Troyes, le 6 mai 2015
A l’attention de Monsieur Marc Sebeyran, mairie de Troyes.
Objet : Maison Doré
Monsieur,
Ayant constaté qu’enfin la ville s’était décidée à remettre les drapeaux tricolores sur la maison Doré, il m’importe de vous écrire. Cela me permettra également de vous communiquer les commentaires et réactions des membres de l’association DSP que je préside. J’y adjoins aussi des réactions externes au groupe.
De prime abord certain s’étonnent, à juste titre, du fort long temps mis par la commune pour replacer les drapeaux tricolores.
A ceux là, j’ai fait savoir qu’à l’avenir cela nous ferait faire des économies et que, peut être, ces drapeaux municipaux ne seraient pas cisaillés avant d’être volés.

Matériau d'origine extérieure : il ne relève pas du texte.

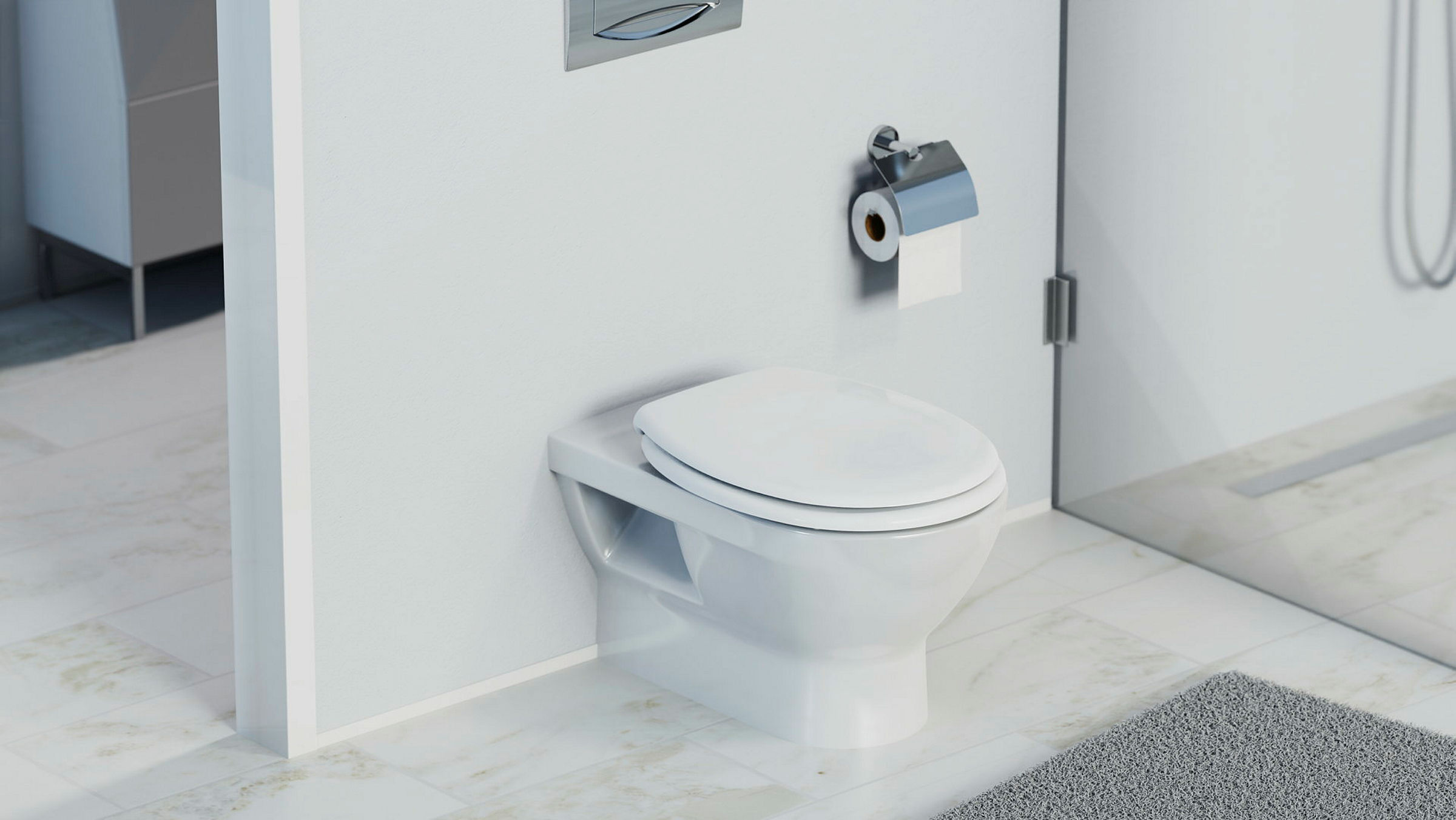 Duroplast WC-Sitz WHITE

D’autres s’offusquent, on ne peut que les comprendre, de voir disparaître souvent les fleurs déposées chaque semaine par nos soins devant la maison Doré, alors même que les gerbes municipales sont respectées. La ville de Troyes est-elle obligée de tant économiser au point de ne pas honorer cette maison où tant ont souffert pour notre liberté ? Des économies sur les sommes allouées aux membres des commissions municipales permettraient de trouver de quoi fleurir. Dans notre ruralité auboise, les membres de ces commissions y participent gracieusement.
Des tiers m’ont évoqué nos affichages protégeant les murs de la pluie. A ceux là, j’ai également précisé que nos études historiques furent effectuées bénévolement, prouvant que le conservatoire (32 boulevard Gambetta) de musique, dirigé par Amable Massis y logeant avait été occupé par la Gestapo. Cette dernière y avait pratiqué la torture, au moins jusqu’en septembre 1943. Notre étude historique que l’on pourrait chiffrer à près de six mille euros (HT), est un cadeau à la ville. C’est tout autant une information à porter à la connaissance des troyens.
En ce qui concerne la stèle dont m’a parlé votre technicien municipal, il apparaît qu’elle devrait au moins porter les deux adresses où sévissaient les tortionnaires : 32 et 34 boulevard Gambetta. Faute de quoi, le visiteur serait porté à croire, ce à juste titre, que la torture se pratiquait à tout va sur le boulevard, entre deux rencontres avec les dames y tapinant.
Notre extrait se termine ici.